The whole & its parts

Not good enough?

Most often, failures become the validation that one isn’t good enough. Everyone worked hard and was well prepared, and yet, the project ended up being a failure.

The next step can be to blame circumstances, to blame oneself, or to blame others. If the market wasn’t as bad as it is. If I had paid attention to those details telling us how this new product is coming up. If our supplier had been faster. All these blames can be brought back to oneself and how performance could have been so much better, thus confirming that one isn’t good enough.

While all of these points might have been valid, looking back at them is focusing on things that were beyond one’s control. They didn’t happen, and the simple reason is that things have been assessed and decided differently. It has been done in good faith, otherwise, things would have stopped or been done differently.

How do you assess if one is good enough, then?

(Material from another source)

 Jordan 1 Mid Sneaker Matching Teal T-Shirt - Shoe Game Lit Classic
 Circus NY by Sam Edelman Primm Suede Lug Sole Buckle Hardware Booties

By the choice you make when responding to the situation. Do you give up? Do you choose to end the project and accept sunk costs? Do you review the project and think about ways to solve the situation?

Giving up leads to assuming that one isn’t good enough and can’t do anything about it.

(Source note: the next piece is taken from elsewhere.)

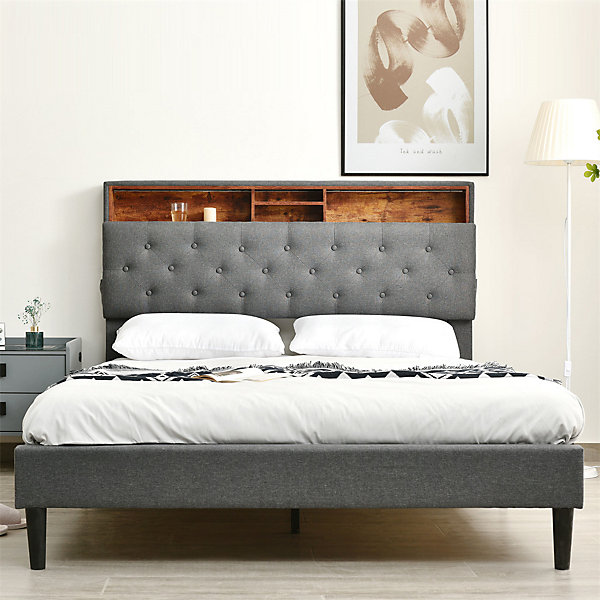 Lit rembourré 140x200cm espace de rangement tête de lit eclairage led lit cadre à lattes en bois lit double lin gris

Accepting sunk costs may be a way to accept that one wasn’t good enough, moving away from the project too. However, none of these choices imply that one will not improve in the future. They are a choice to investigate where and how one may be good enough.

Reviewing the project and seeking ways to solve or change the situation may also be a way to notice when and how one hasn’t been good enough. But here again, the action shows the path to learning and the assumption that things can change.